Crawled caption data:
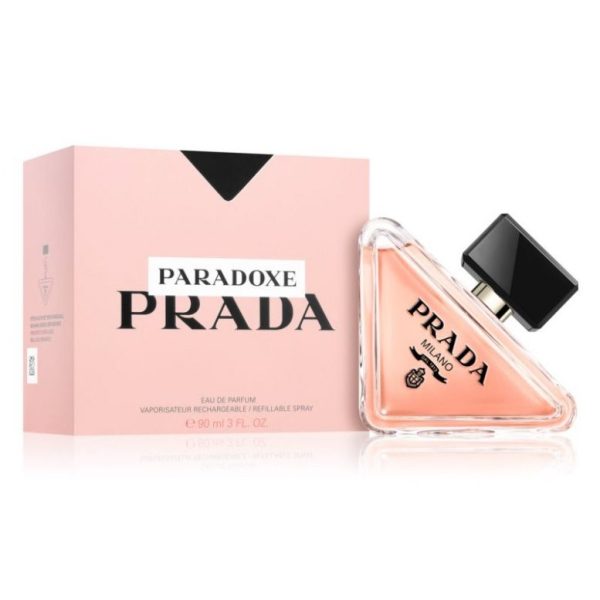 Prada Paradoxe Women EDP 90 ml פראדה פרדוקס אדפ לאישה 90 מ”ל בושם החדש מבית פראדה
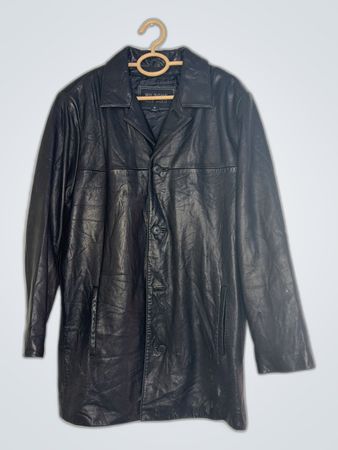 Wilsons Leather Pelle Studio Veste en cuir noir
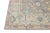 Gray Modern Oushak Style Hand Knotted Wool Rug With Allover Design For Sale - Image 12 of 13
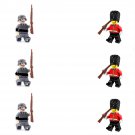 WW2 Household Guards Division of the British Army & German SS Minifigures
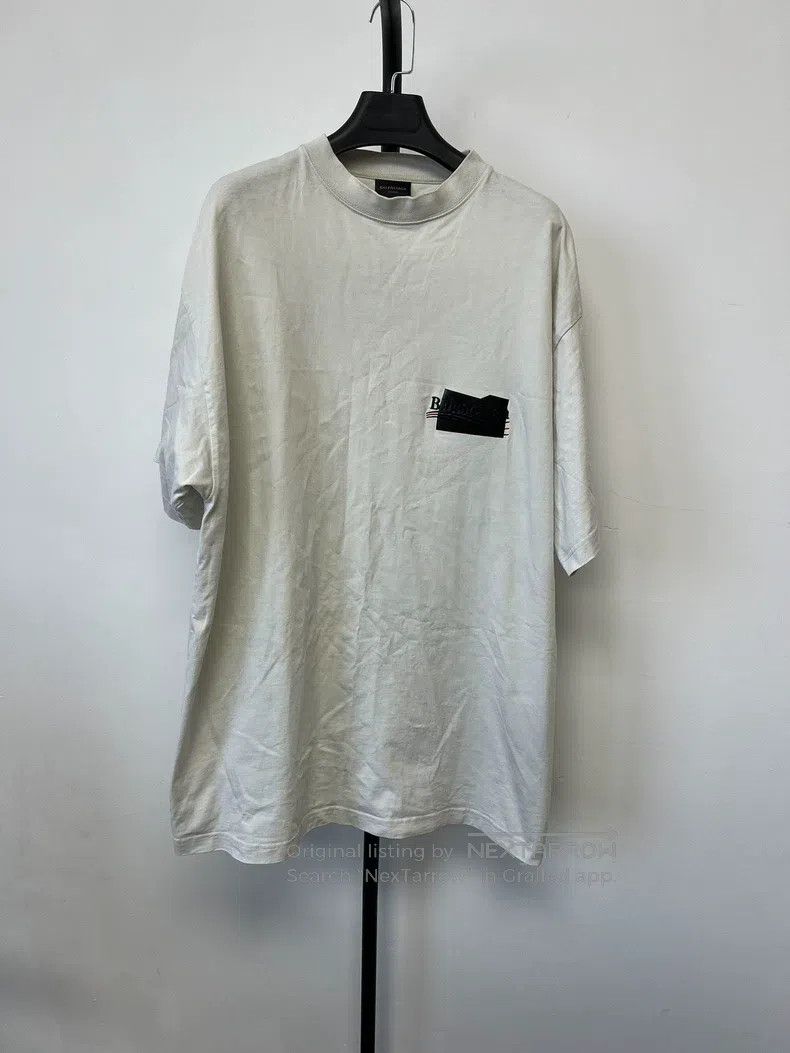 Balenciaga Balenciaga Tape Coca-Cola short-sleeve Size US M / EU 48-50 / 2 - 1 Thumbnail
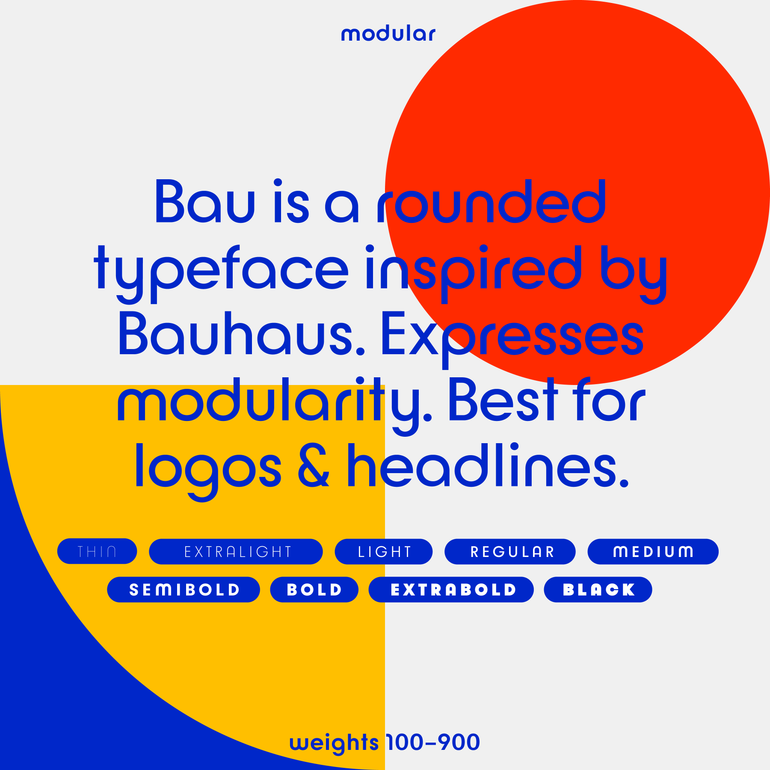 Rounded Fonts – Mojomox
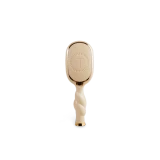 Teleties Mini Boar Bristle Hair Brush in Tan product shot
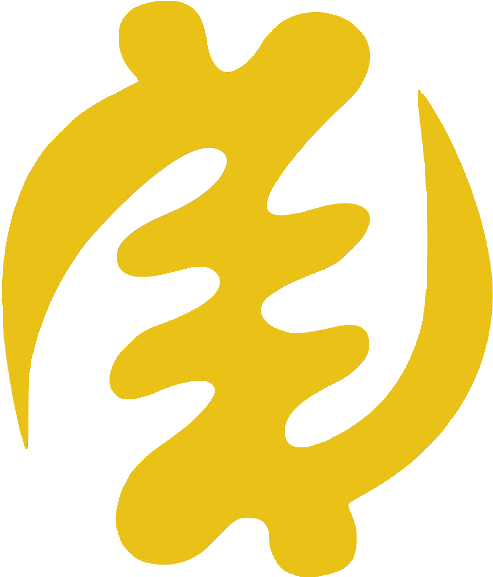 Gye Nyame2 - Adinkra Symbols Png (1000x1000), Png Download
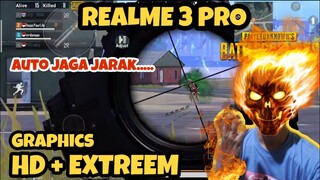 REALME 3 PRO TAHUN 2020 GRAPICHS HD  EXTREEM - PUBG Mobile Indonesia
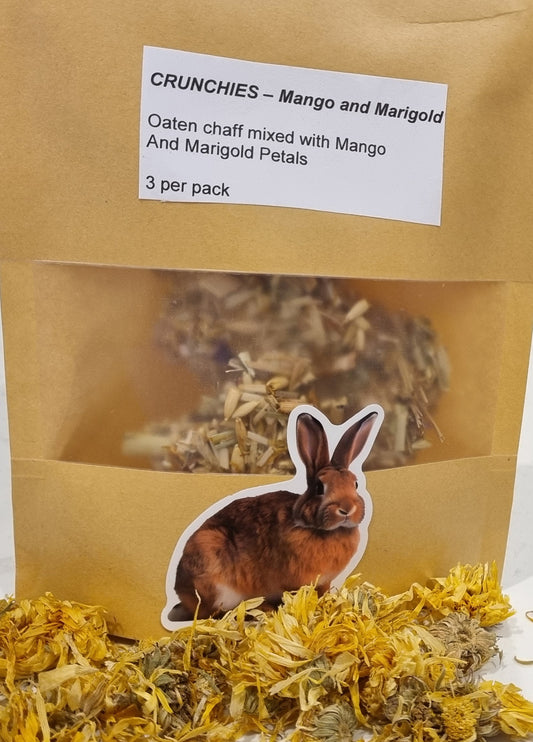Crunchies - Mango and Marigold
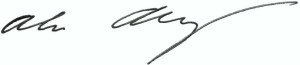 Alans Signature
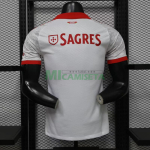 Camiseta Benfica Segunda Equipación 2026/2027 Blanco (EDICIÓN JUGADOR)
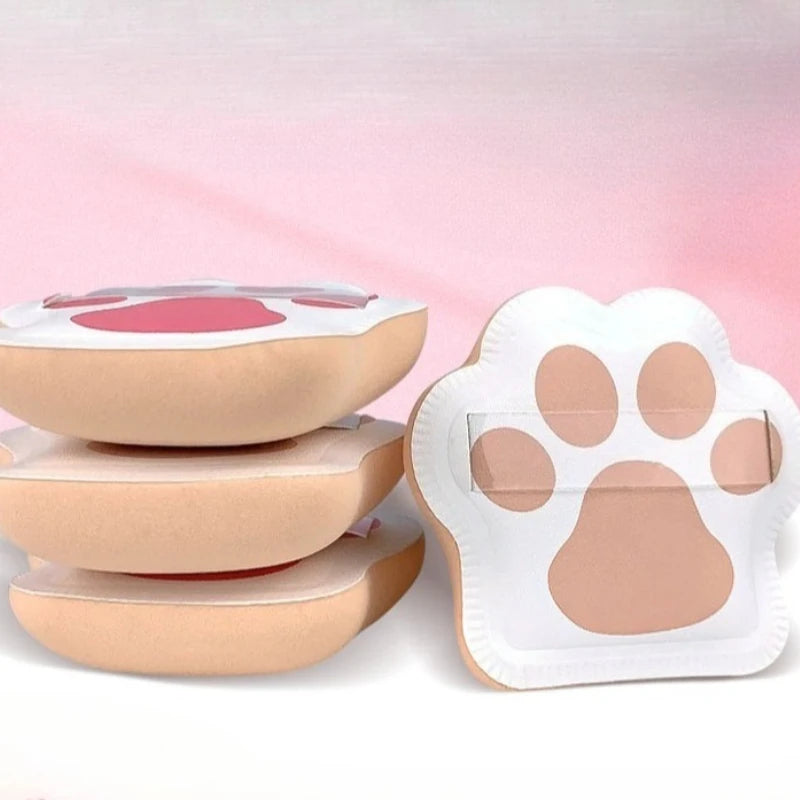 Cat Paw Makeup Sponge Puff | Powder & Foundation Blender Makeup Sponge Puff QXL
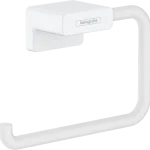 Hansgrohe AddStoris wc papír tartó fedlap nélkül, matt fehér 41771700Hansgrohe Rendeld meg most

What is being asked:
Starting at the line where "Alans Signature" appears, restate every line through the end of the records above exactly, but omit the pictures.

Answer area:
 Alans Signature
 Camiseta Benfica Segunda Equipación 2026/2027 Blanco (EDICIÓN JUGADOR)
 Cat Paw Makeup Sponge Puff | Powder & Foundation Blender Makeup Sponge Puff QXL
 Hansgrohe AddStoris wc papír tartó fedlap nélkül, matt fehér 41771700Hansgrohe Rendeld meg most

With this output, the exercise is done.